The single biggest factor driving all the optimism about Latin America’s economic potential is the explosive rise of Brazil, whose economy grew by 7.5 percent last year. According to government figures, the Brazilian middle class added 24 million new members between 2003 and 2009, by which point the middle class represented more than half (52 percent) of the country’s total population. China has been eagerly gobbling up Brazilian commodity exports, and the South American giant has discovered massive new oil deposits in its coastal waters.
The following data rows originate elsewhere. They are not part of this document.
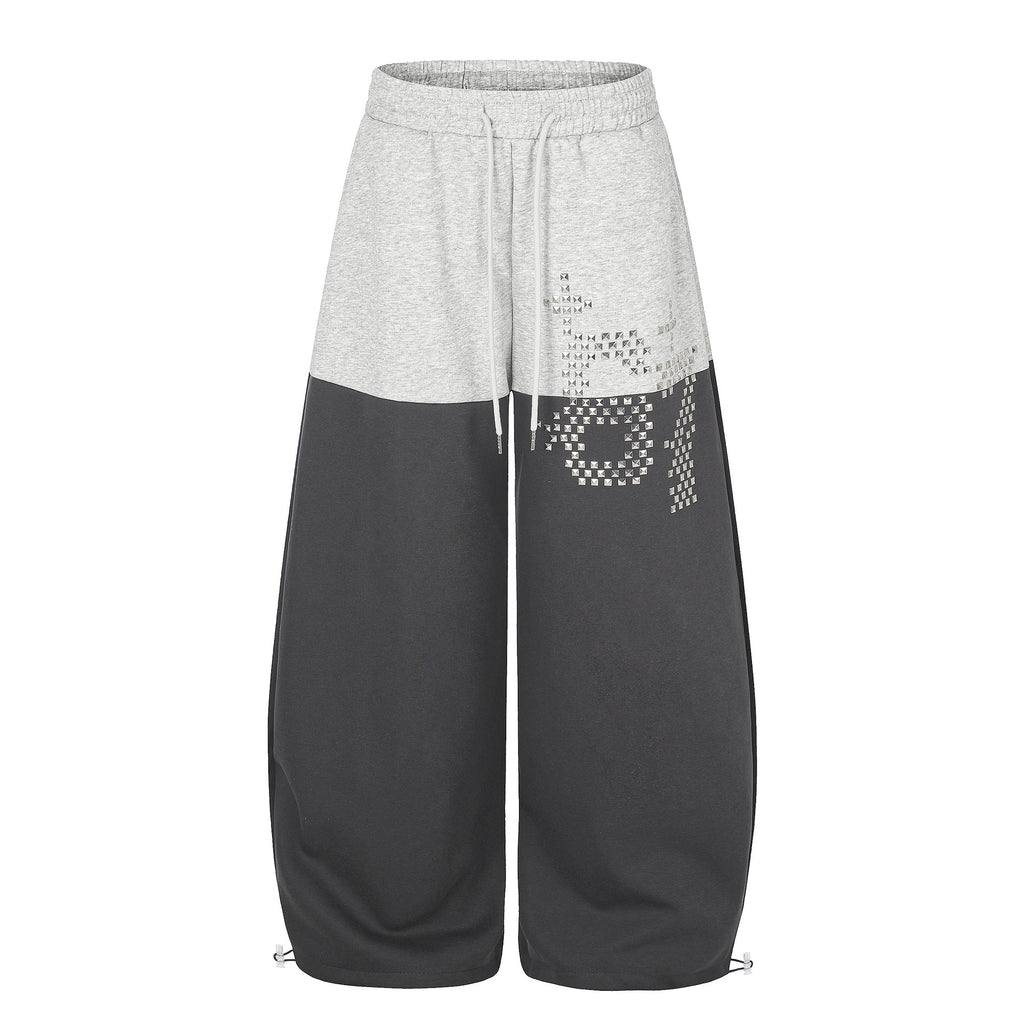 Color Block Rhinestone Drawstring Loose Wide Leg Sweatpants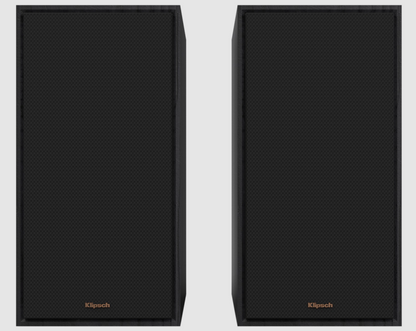 Klipsch R-60M Bookshelf Speakers in Ebony sold as a pair.  Front of speakers with grille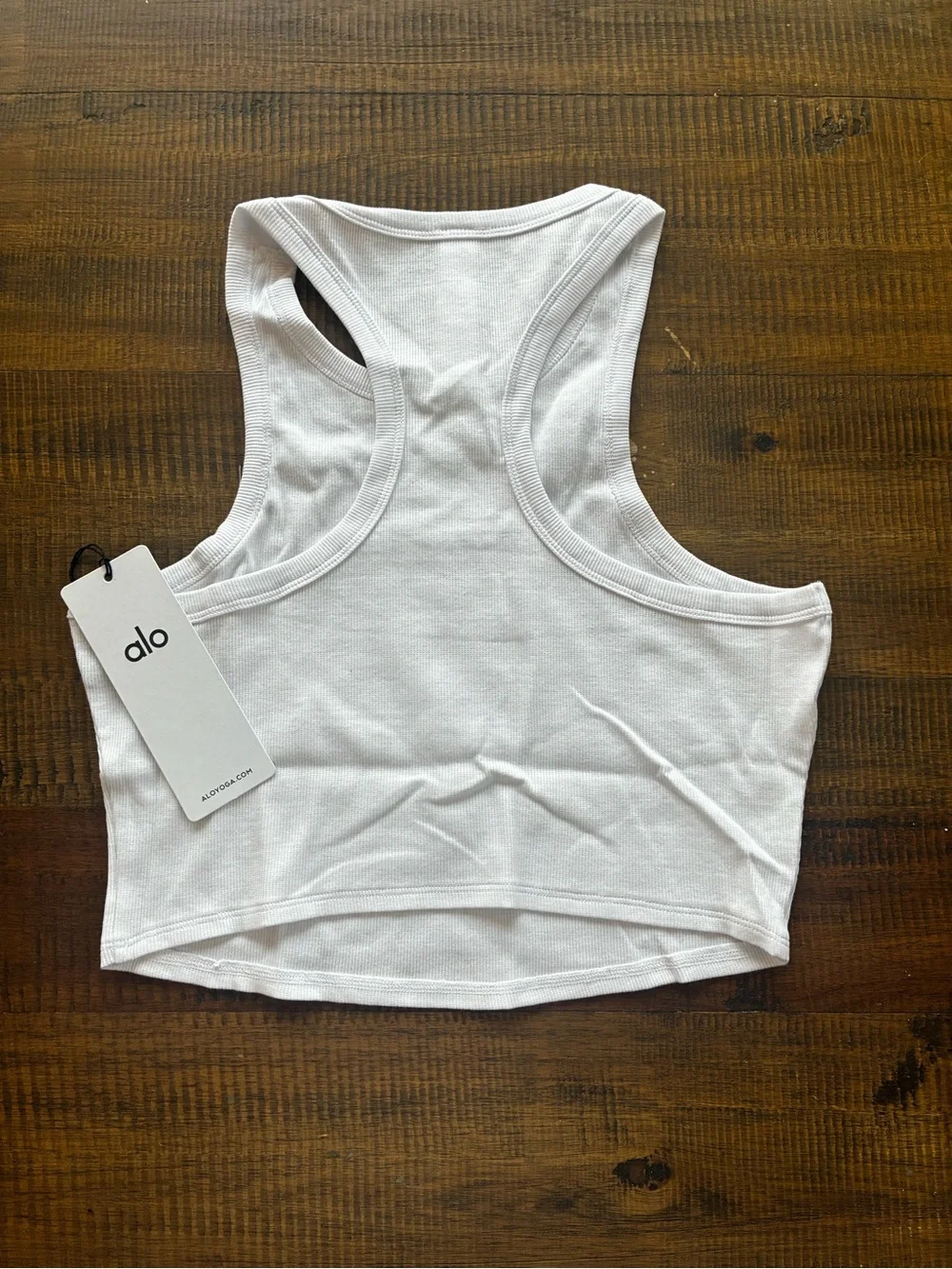 ALO Yoga White Ribbed Racerback Crop Tank Top
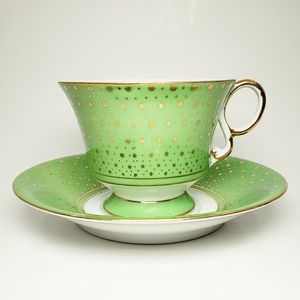 Vintage Shafford Japan Green and Gold Teacup and Saucer with Dark Pink Rose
On November 17, Standard & Poor’s boosted its sovereign debt rating.

Yet despite enjoying a lengthy period of responsible economic management under Presidents Fernando Henrique Cardoso (1995–2003) and Lula da Silva (2003–2011), Brazil is still plagued by many familiar problems that have long stifled socioeconomic development throughout Latin America: an inefficient tax code, cumbersome regulations, poor infrastructure, a chronically weak education system, high crime rates, and corruption.

The last item on that list has proved especially frustrating to the current Brazilian president, Dilma Rousseff: Since taking office in January, she has lost five government ministers to corruption charges. The most recent to exit under a cloud of scandal was Orlando Silva, the erstwhile sports minister, who has been accused of embezzling up to $23 million. Now it appears that yet another senior government official, Labor Minister Carlos Lupi, may be forced to resign over alleged ethics violations.
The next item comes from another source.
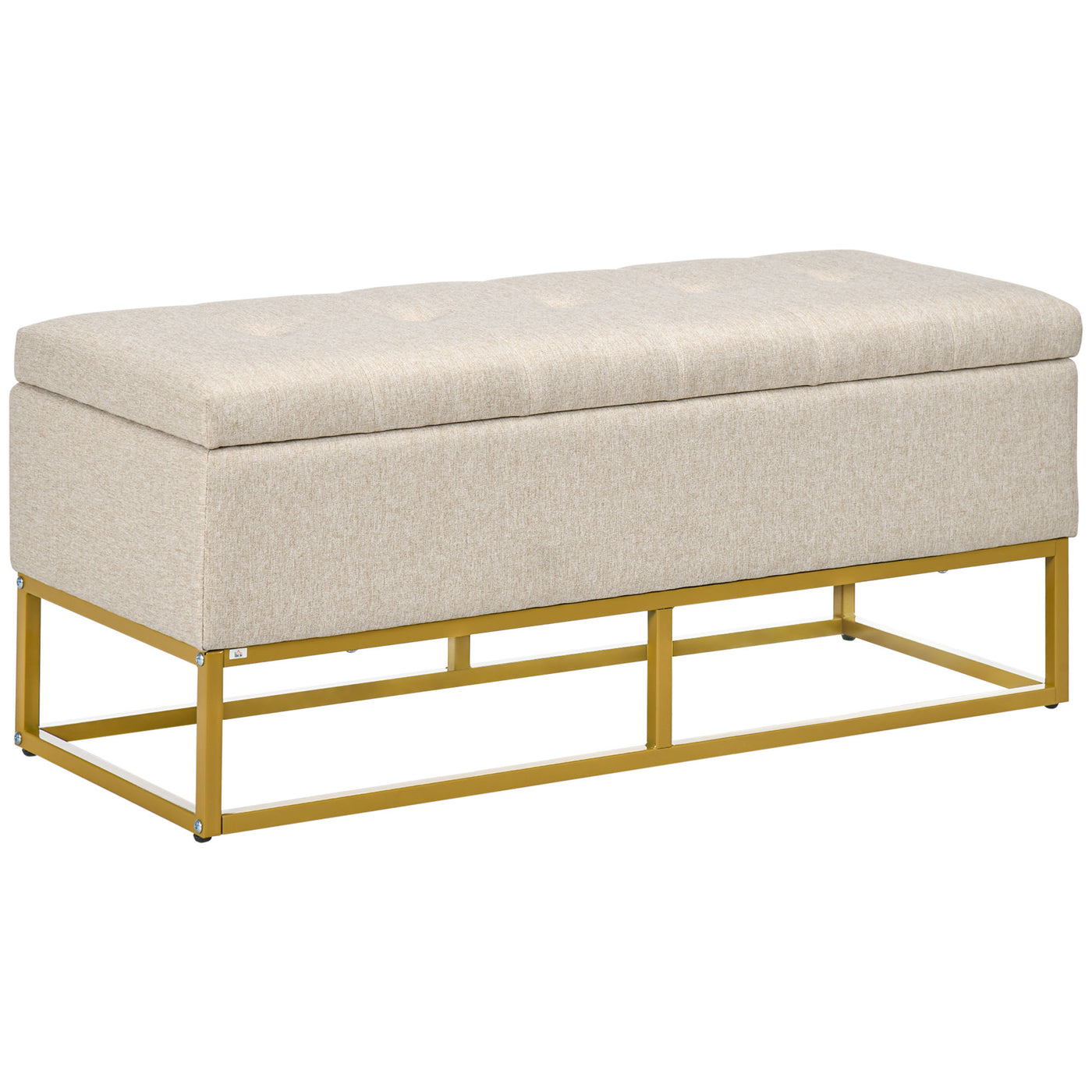 Storage Ottoman with Flip Top, Upholstered Storage Bench, Linen Fabric Footstool with Steel Legs for Living Room, Bedroom, Beige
Such corruption scandals represent an unfortunate continuation of the Lula legacy. (Rousseff served as Lula’s presidential chief of staff from 2005 to 2010, and she was his handpicked successor.) Though Lula can claim credit for historic poverty reduction and economic gains, his administration was riddled with scandal. For that matter, “Most of the ministers involved in the corruption scandals [under President Rousseff] were Lula appointees or allies,” as Reuters points out.